I have the same problem with my husband, when I NEED him to address something, he flat out refuses, saying don't bother me or I can't deal with it right now. Terrible technique. IMO, the ONLY way to fix it is to be honest and persistent and also considerate of his feelings. Sometimes throw in proof of WHY you have to deal with it now, such as a print out of all available properties currently, with all the ones you CAN'T choose blackened out, so he can see what he's dealing with.


----------



## Acorn (Dec 16, 2010)

lisa3girls said:


> I guess I feel like he has a false sense of us having 'lots' of time. We have already looked at a dozen properties and only two were even remotely in the running and one of them was taken off the market.


I think you are perfectly justified in these concerns...after seeing how long it can take to purchase/sell a home, I'm right there with you.

It just sounds to me that the conflict is in understanding each other's expectations of the time table... it doesn't have as much to do with the actual purchasing of the house.

I doubt he wants to see you worry and I doubt you want to push him out of a comfort zone so hopefully communication will help.


----------



## lisa3girls (Apr 6, 2011)

turnera said:


> I have the same problem with my husband, when I NEED him to address something, he flat out refuses, saying don't bother me or I can't deal with it right now. Terrible technique. IMO, the ONLY way to fix it is to be honest and persistent and also considerate of his feelings. Sometimes throw in proof of WHY you have to deal with it now, such as a print out of all available properties currently, with all the ones you CAN'T choose blackened out, so he can see what he's dealing with.

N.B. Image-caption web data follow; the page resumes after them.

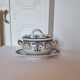 Saucière en porcelaine bleue et blanche à décor floral, France 19ème siècle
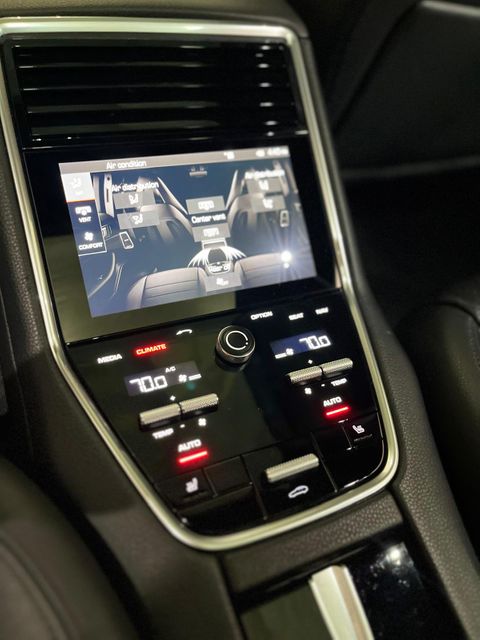 2018 Porsche Panamera Base | Burbank, California | MDK International 2018 Porsche Panamera Base | Burbank, California | MDK International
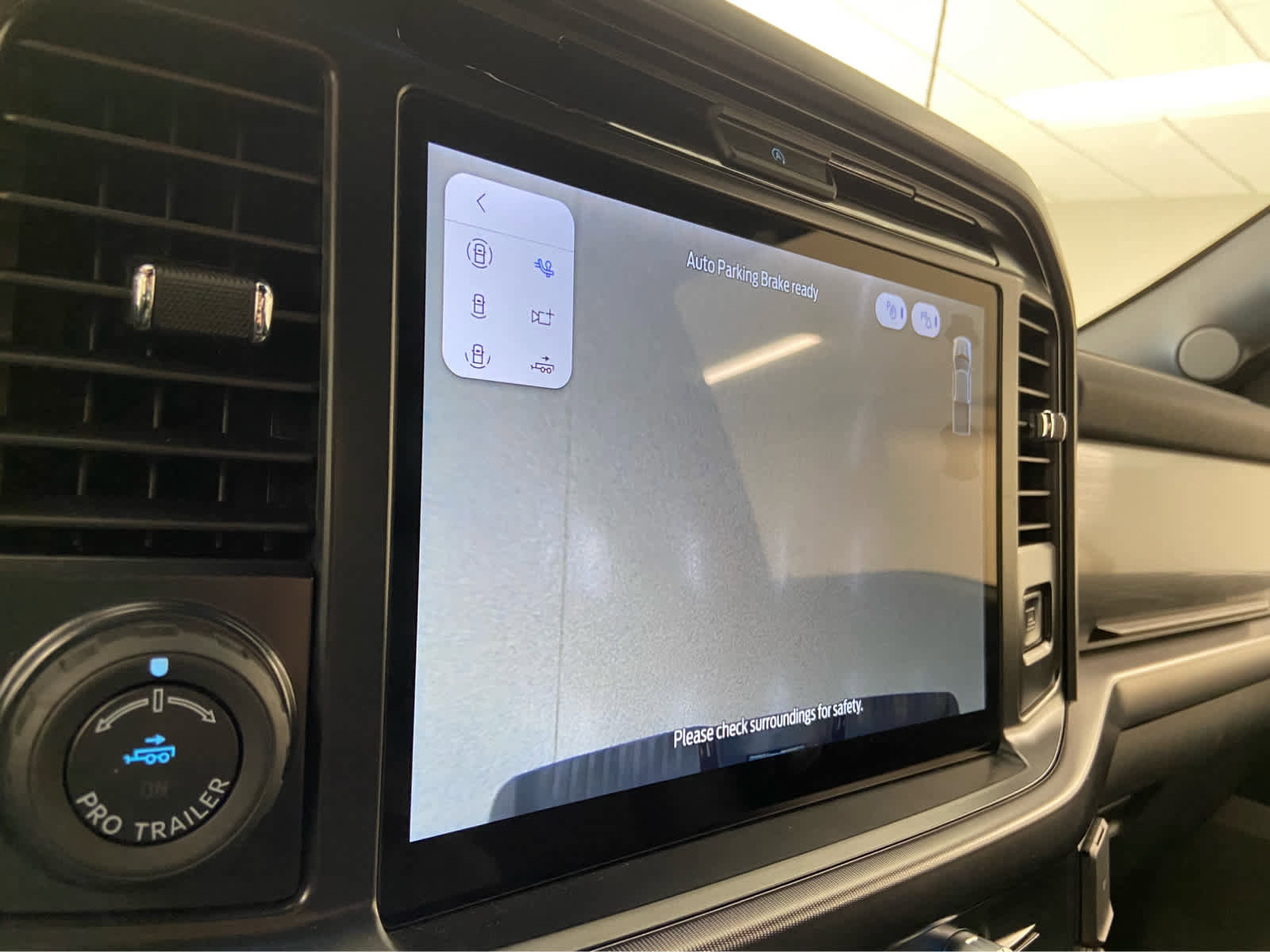 Used 2026 Ford F150 Lariat RWD image 34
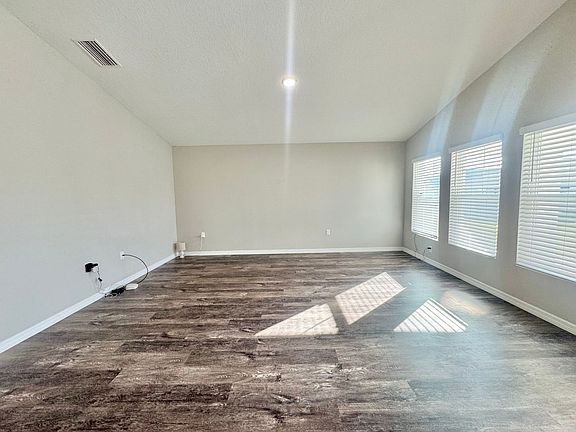 4th image of 1580 Axel Cir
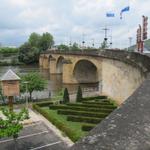 die Brücke "Pont Louis Philippe" über den Lot. Über diese Brücke liefen wir in Cahors ein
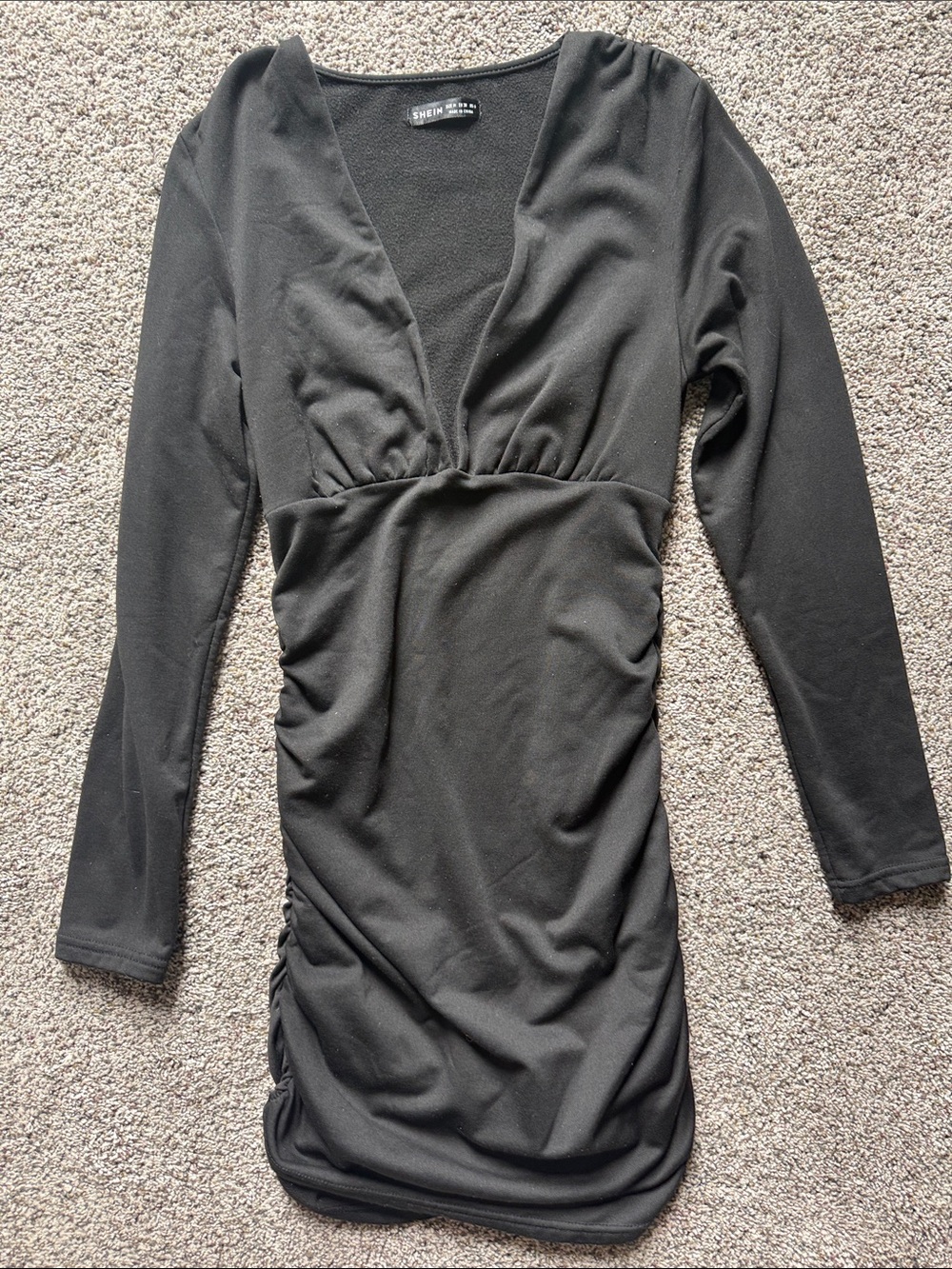 SHEIN Black Long-Sleeve V-Neck Ruched Bodycon Dress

Yes, I think maybe he should start seeing how much I am searching and coming up empty. That is why I informed him about the rents and how costly they are... heck I am fine with it if he wants to suck up the cost for a while and be more fussy about what we buy, but again I am not the one flipping out over a few grand in credit card debt.


----------



## Runs like Dog (Feb 25, 2011)

I admit I let things slide. So much of the time she'll either micro nano manage, redo it herself or simply ignore whatever I contribute that it's more efficient to do nothing.


----------



## lisa3girls (Apr 6, 2011)

Runs like Dog said:


> I admit I let things slide. So much of the time she'll either micro nano manage, redo it herself or simply ignore whatever I contribute that it's more efficient to do nothing.


You know... historically I did just go ahead and make decisions, because they JUST WOULDN"T GET MADE if I didn't... but then he seems to resent that. But when I try to get him to make one, still... doesn't happen. OMG


----------



## Runs like Dog (Feb 25, 2011)

My wife wants to get a new bed. I didn't want to start a fight but I know she's not going to listen to anything I say and simply pick out the cheapest one she find. So I told her, 'do whatever you like you're just going to pick out the cheapest one you can find.' For some reason having the reality of one's own entirely consistent behavior repeated back to her makes her angry. And guess what, she's out now looking for the cheapest one she can find. In a few weeks history will be re written and it will turn into how I forced her to buy the cheapest one, on her own. By then it'll probably be I made her pick the cotton to make the mattress and saw the wood to make the box spring too. And carry it home on her back in the blazing sun while dodging rattlesnakes. 

See sometimes you can't fight a control freak except by giving them control. It infuriates them. But since its me or her, I pick me. It's too exhausting, like you say, to fight that or pretend to accommodate it or whatnot.


----------



## turnera (Jan 22, 2010)

lisa, what kind of learner is your husband? I asked about the printout because we are all different learners. My DD20 has to read the news, and she won't listen to NPR. I won't read the news, so I listen to NPR. Maybe if you have it all down on paper, it will mean something to him.


----------